Bisnis.com, JAKARTA — Menteri Keuangan Sri Mulyani Indrawati menegaskan kepada wakil rakyat bahwa Surat Berharga Negara atau SBN yang menjadi instrumen utang untuk membiayai APBN bukanlah beban bagi negara.
Hal tersebut dirinya sampaikan saat menanggapi pandangan fraksi atas APBN 2024 terkait pembiayaan dalam negeri, dalam Rapat Paripurna DPR ke-24 Masa Persidangan IV Tahun Sidang 2024—2025, Selasa (15/7/2025).
Sri Mulyani menyampaikan bahwa SBN bukan sekadar instrumen utang, tetapi juga instrumen investasi bagi masyarakat yang terus dikelola secara hati-hati. Penerbitan SBN juga merupakan strategi pembiayaan APBN.
“Kami ingin mengajak DPR untuk melihat instrumen Surat Berharga Negara tidak semata-mata sebagai beban dari APBN dan negara. Namun, mari kita lihat dari sisi demand,” ujarnya.

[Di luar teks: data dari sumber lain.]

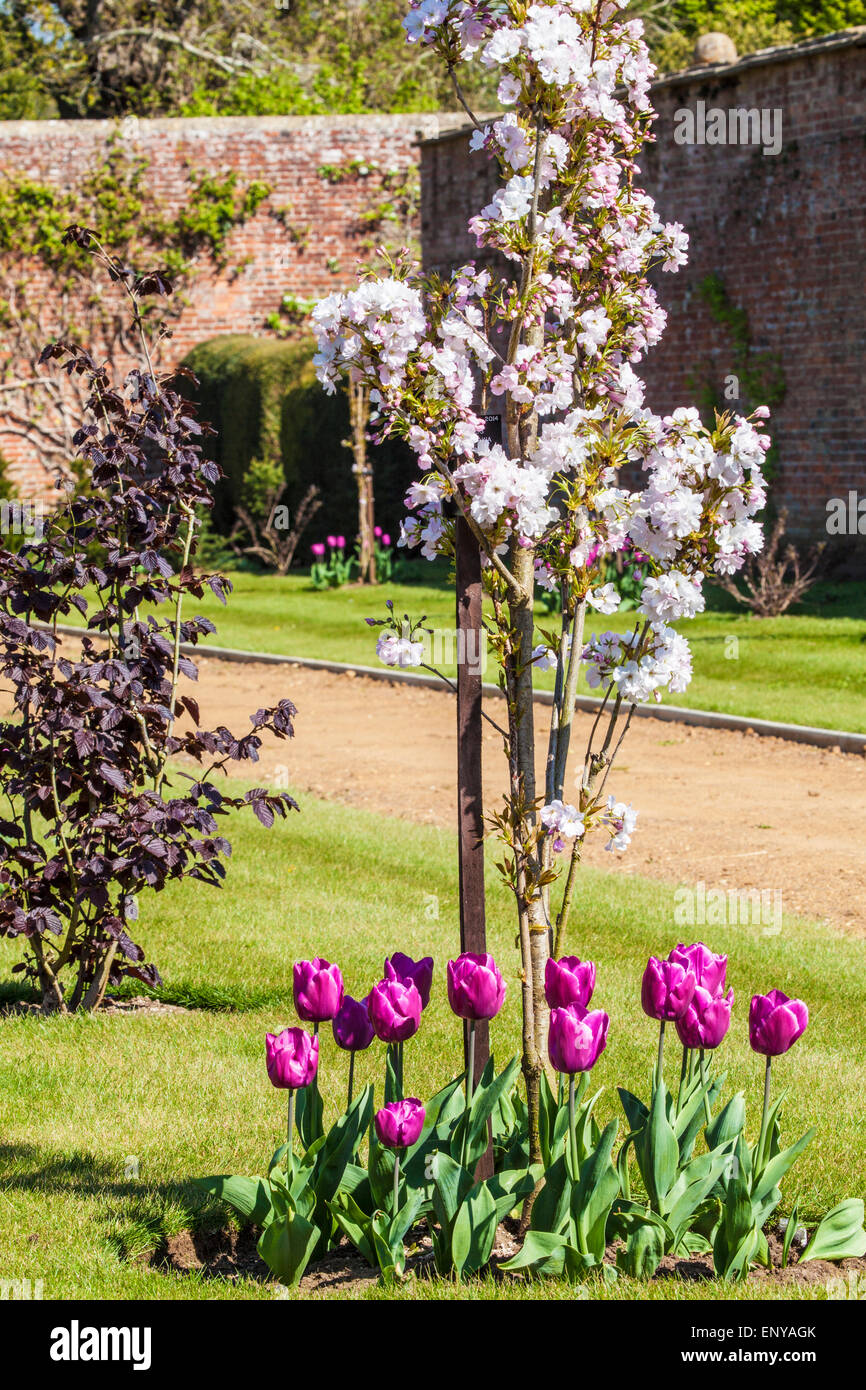 Cherry blossom and tulips along the Hazel Walk in the private walled garden at Bowood House in Wiltshire. Stock Photo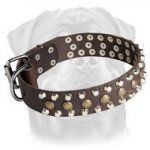 Leather Dog Collar with pyramids and studs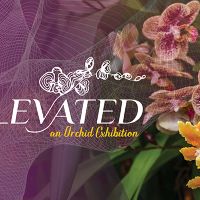 Elevated, An Orchid Exhibition at New England Botanic Garden thumbnail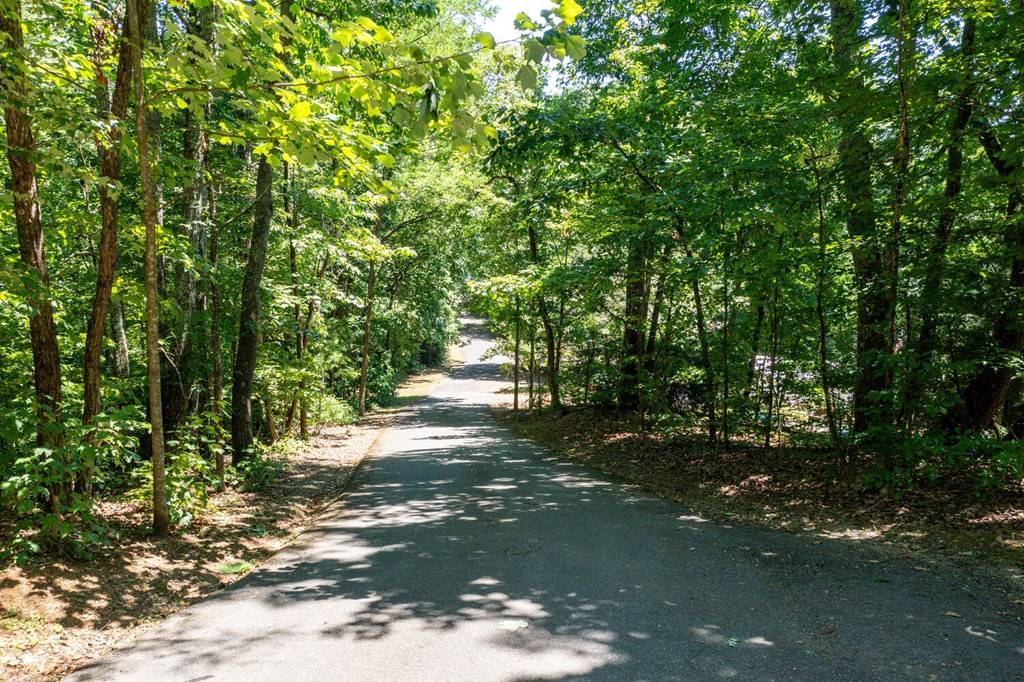 Hayesville, NC 28904,Lot 6 Hidden Forest Lane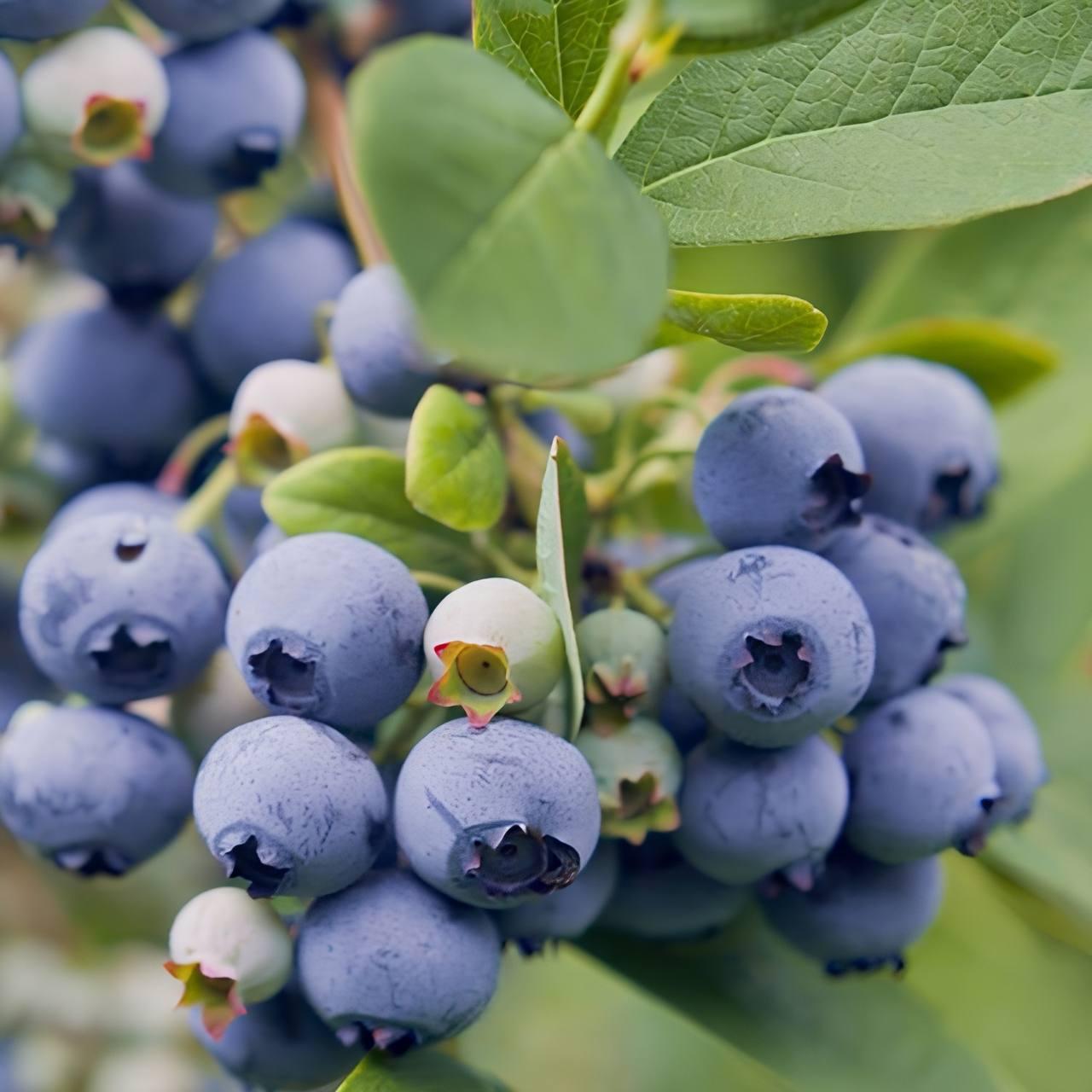 Саджанці Лохини Чандлер (Chandler) - пізня, крупноплідна (4-річна) С5, фото 1
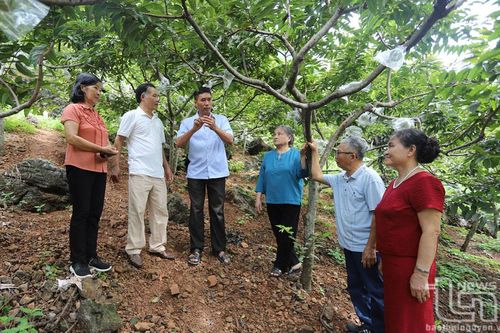 Đánh thức tiềm năng du lịch nông nghiệp vùng cao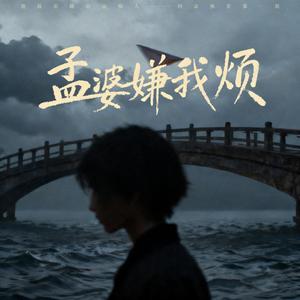 孟婆嫌我烦 (伴奏)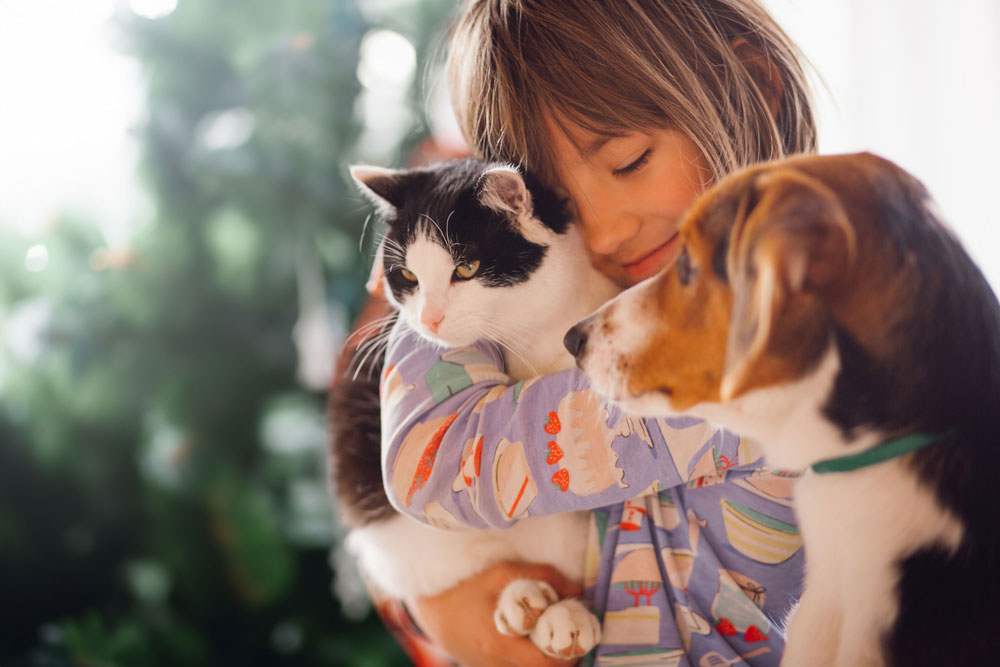 Join MyPet.com Community for Expert Pet Care Tips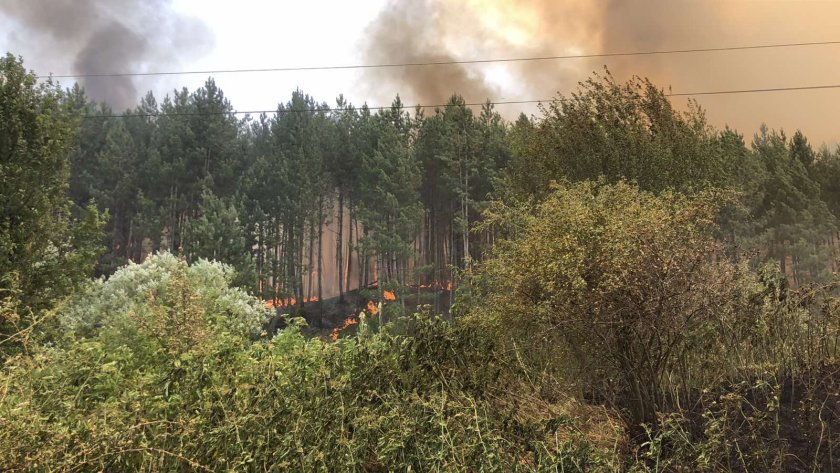 Избухна пожар в гората над Перник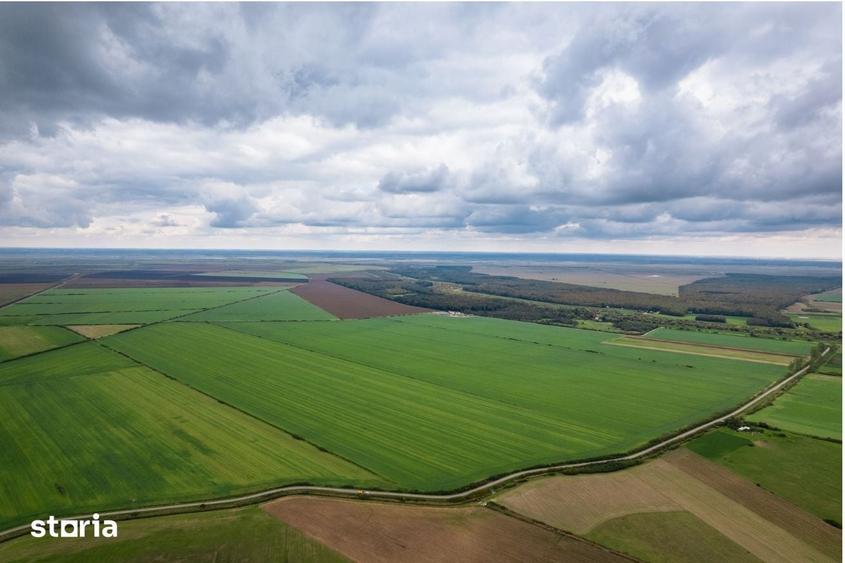 Teren extravilan in Sannicolau Mare 14.6 ha - 2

Bendahara Negara tersebut menjelaskan bahwa banyak pihak saat ini justru membutuhkan SBN sebagai instrumen investasi yang aman. Sebut saja sejumlah lembaga, baik pengelola dana pensiun, asuransi, perbankan, bahkan masyarakat telah memegang SBN.
“Sehingga kami akan terus melakukan edukasi mengenai peranan SBN yang tidak melulu hanya dilihat sebagai utang pemerintah, tetapi merupakan alat investasi yang benar dan dipercaya oleh pemegangnya,” lanjutnya.
Baca Juga
Dalam pengelolaannya, Sri Mulyani memastikan akan menjaga profil utang pemerintah—meski belum diketahui posisinya terkini—secara prudent dan terukur.
Untuk tahun ini, pemerintah sendiri merencanakan penerbitan SBN senilai Rp642,56 triliun. Per semester I/2025 telah terealisasi senilai Rp308,55 triliun. Artinya tersisa Rp334 triliun SBN yang diterbitkan pada paruh kedua 2025.
Sementara melihat data Direktorat Jenderal Pengelolaan Pembiayaan dan Risiko Kemenkeu per 11 Juli 2025, total SBN yang dapat diperdagangkan senilai Rp6.343,37 triliun. Naik dari posisi akhir tahun 2024 yang senilai Rp6.039,52 triliun.
Perbankan, baik konvensional maupun syariah, memiliki 20% dari total SBN tersebut atau senilai Rp1.268,51 triliun. Sementara nonbank, seperti reksadana, asuransi dan dana pensiun, serta investor asing memegang 55,68% SBN atau sekitar Rp3.532,3 triliun.
Bank Indonesia turut membeli SBN, yang menjadi salah satu langkah menjaga stabilitas nilai tukar. Per 11 Juli, BI tercatat memegang SBN senilai Rp1.542,55 triliun (neto).
Sementara secara individu, masyarakat Indonesia yang memilih SBN sebagai instrumen investasi, totalnya mencapai Rp586,3 triliun atau menjelaskan 9,24% dari total SBN.